People with slow / low memory machines would prefer not to see
overhead they don't need...

> I have a few possible approaches in mind (feel free to suggest other
> options):
>
> A) glibc exposes a strong __rseq_abi TLS symbol:
>
> - should ideally *not* be global-dynamic for performance reasons,
> - registration to kernel can either be handled explicitly by requiring
> application or libraries to call an API, or implicitly at thread
> creation,

...so I'd prefer explicit API call.

> B) librseq.so exposes a strong __rseq_abi symbol:

Works for me.
Pavel

--
(english) http://www.livejournal.com/~pavelmachek
(cesky, pictures) http://atrey.karlin.mff.cuni.cz/~pavel/picture/horses/blog.html

Attachments:

(No filename) (1.98 kB)
signature.asc (188.00 B)
Digital signature Download all attachments

2018-06-14 13:02:43

by Mathieu Desnoyers

[permalink] [raw]

Subject: Re: Restartable Sequences system call merged into Linux

----- On Jun 14, 2018, at 8:27 AM, Pavel Machek [email protected] wrote:

> On Tue 2018-06-12 12:31:24, Mathieu Desnoyers wrote:
>> ----- On Jun 12, 2018, at 9:11 AM, Florian Weimer [email protected] wrote:
>>
>> > On 06/11/2018 10:04 PM, Mathieu Desnoyers wrote:
>> >> ----- On Jun 11, 2018, at 3:55 PM, Florian Weimer [email protected] wrote:
>> >>
>> >>> On 06/11/2018 09:49 PM, Mathieu Desnoyers wrote:
>> >>>> It should be noted that there can be only one rseq TLS area registered per
>> >>>> thread,
>> >>>> which can then be used by many libraries and by the executable, so this is a
>> >>>> process-wide (per-thread) resource that we need to manage carefully.
>> >>>
>> >>> Is it possible to resize the area after thread creation, perhaps even
>> >>> from other threads?
>> >>
>> >> I'm not sure why we would want to resize it. The per-thread area is fixed-size.
>> >> Its layout is here: include/uapi/linux/rseq.h: struct rseq
>> >
>> > Looks I was mistaken and this is very similar to the robust mutex list.
>> >
>> > Should we treat it the same way? Always allocate it for each new thread
>> > and register it with the kernel?
>>
>> That would be an efficient way to do it, indeed. There is very little
>> performance overhead to have rseq registered for all threads, whether or
>> not they intend to run rseq critical sections.
>
> People with slow / low memory machines would prefer not to see
> overhead they don't need...

In terms of memory usage, if people don't want the extra few bytes of memory
used by rseq in the kernel, they should use CONFIG_RSEQ=n.

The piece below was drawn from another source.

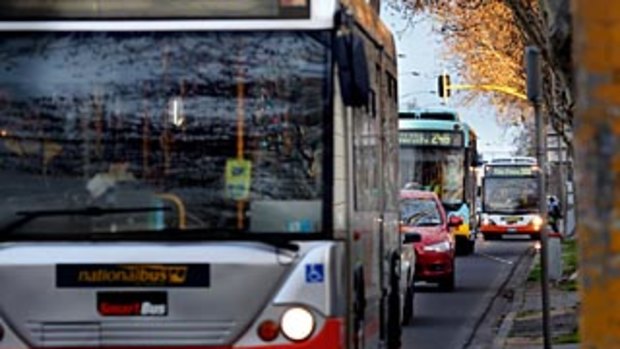 Buses caught up on a very congested Hoddle Street in Collingwood.
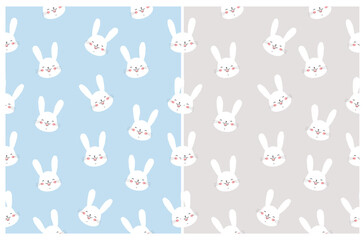 Seamless Vector Pattern with Bunnies.Cute Happy Rabbits Print. White Funny Bunnies isolated on a White and Light Beige Background. Easter Holidays Repeatable Print.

In terms of overhead, let's have a closer look at what it means: when a thread
is registered to rseq, but does not enter rseq critical sections, only this
extra work is done by the kernel:

- rseq_preempt(): on preemption, the scheduler sets the TIF_NOTIFY_RESUME thread
flag, so rseq_handle_notify_resume() can check whether it's in a rseq critical
section when returning to user-space,
- rseq_signal_deliver(): on signal delivery, rseq_handle_notify_resume() checks
whether it's in a rseq critical section,
- rseq_migrate: on migration, the scheduler sets TIF_NOTIFY_RESUME as well,

>
>> I have a few possible approaches in mind (feel free to suggest other
>> options):
>>
>> A) glibc exposes a strong __rseq_abi TLS symbol:
>>
>> - should ideally *not* be global-dynamic for performance reasons,
>> - registration to kernel can either be handled explicitly by requiring
>> application or libraries to call an API, or implicitly at thread
>> creation,
>
> ...so I'd prefer explicit API call.

I have use-cases where a library wants to link against librseq and have rseq
critical sections, without requiring the application to explicitly add rseq
registration calls on thread creation/destruction. Is there a way to register
callbacks to glibc which could be invoked on thread creation/destruction ?

Then if we include dynamic loading of libraries (dlopen/dlclose) in the
picture, this gets even worse, as we'd need to be able to iterate on all
existing threads to invoke registration/unregistration callbacks.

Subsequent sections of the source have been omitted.